O quer almeja Trump?
Embora não exista uma lógica solidamente descortinada pelos economistas para esta guerra de tarifas do Presidente norte-americano, na sua versão simples, Trump quer fortalecer o consumo de bens Made in USA em detrimento dos importados, que ficam agora mais caros.
Além disso, Trump pode estar a contar com a deslocalização de fábricas que estão actualmente no resto do mundo, especialmente na China, para os EUA de forma a evitas estas taxas, perseguindo a sua velha ideia de reindustrializar o país para "fazer a América grande de novo".

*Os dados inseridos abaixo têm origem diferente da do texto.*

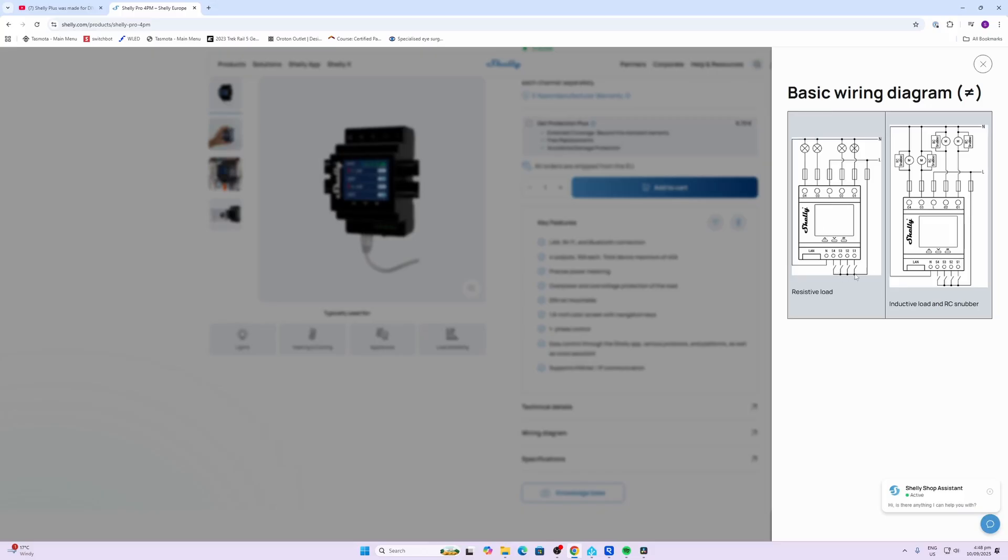It also offers a slightly separate wiring diagram for inductive loads where you have an RC snubber in parallel with the load. As always with high voltage devices, I would always recommend getting your electrician involved to do this.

Mas os mais reputados economistas duvidam desta mecânica simples, antecipando ao invés uma generalizada crescente inflação e uma recessão a prazo garantida dentro dos Estados Unidos, no imediato, e no resto do mundo ao virar da esquina do tempo.

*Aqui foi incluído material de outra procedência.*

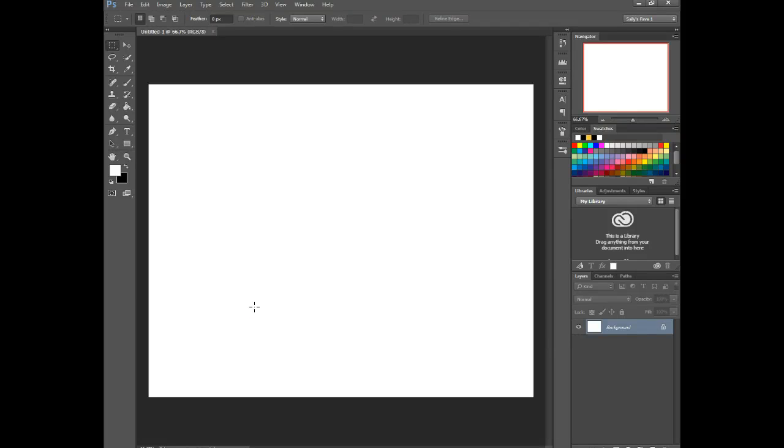In this video, I'm going to show you how to wrap text in Photoshop. Now I'm using Photoshop CC, but this should be the same in most of the versions that you would be using.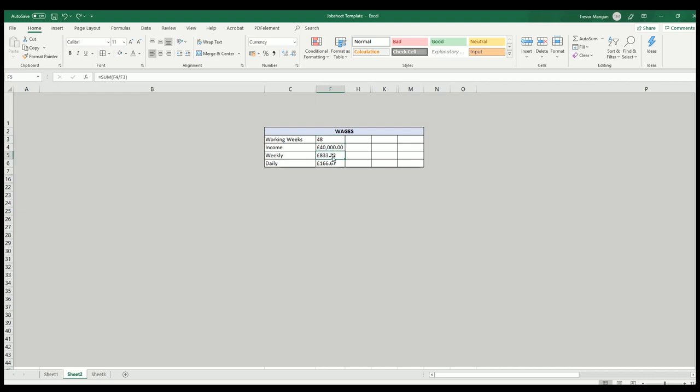This is what you need to be earning a week. Then this becomes your new day rate. To earn that over those many weeks, you need to be charging that a day. So basically, round up to £170. You need to be on £170 a day to earn £40,000 over 48 weeks.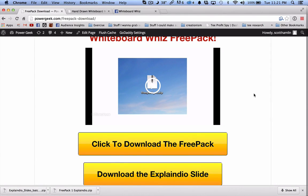Hey guys, so in this tutorial I want to take a quick look at how to install Explaindio Slides into Explaindio.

Como Luanda olha para este cenário global?
O actual cenário internacional, que não era tão dramático há anos, desde a pandemia da Covid 19, tende a empurrar os preços para ainda longe do valor estimado no OGE 2025, que é de 70 USD.
Essa a razão pela qual Angola é um dos países mais atentos a estas oscilações, devido à sua conhecida dependência das receitas petrolíferas, e a importância que estas têm para lidar com a grave crise económica que atravessa, especialmente nas dimensões inflacionista e cambial, onde o esperado superavit (preço acima dos 70 USD) poderia ser importante para contrariar.
Isto, porque o crude ainda responde por cerca de 90% das exportações angolanas, 35% do PIB nacional e 60% das receitas fiscais do país, o que faz deste sector não apenas importante mas estratégico para o Executivo.
O Governo deposita esperança, no curto e médio prazo, de conseguir o objectivo de aumentar a produção nacional, actualmente perto dos de 1,1 mbpd, gerando mais receita no sector de forma a, como, por exemplo, está a ser feito há anos em países como a Arábia Saudita ou os EAU, usar o dinheiro do petróleo para libertar a economia nacional da dependência do... petróleo.
O aumento da produção nacional não está a ser travada por falta de potencial, porque as reservas estimadas são de nove mil milhões de barris e já foi superior a 1,8 mbpd há pouco mais de uma década, o problema é claramente o desinvestimento das majors a operar no país.
Aliás, o Governo de João Lourenço tem ainda como motivo de preocupação uma continuada e prevista redução da produção de petróleo, que se estima que seja na ordem dos 20% na próxima década, estando actualmente pouco acima dos 1,1 milhões de barris por dia (mbpd), muito longe do seu máximo histórico de 1,8 mbpd em 2008.
Por detrás desta quebra, entre outros factores, o desinvestimento em toda a extensão do sector, deste a pesquisa à manutenção, quando se sabe que o offshore nacional, com os campos a funcionar, está em declínio há vários anos devido ao seu envelhecimento, ou seja, devido à sua perda de crude para extrair e as multinacionais não estão a demonstrar o interesse das últimas décadas em apostar no país.
A questão da urgente transição energética, devido às alterações climáticas, com os combustíveis fosseis a serem os maus da fita, é outro factor que está a esfumar a importância do sector petrolífero em Angola.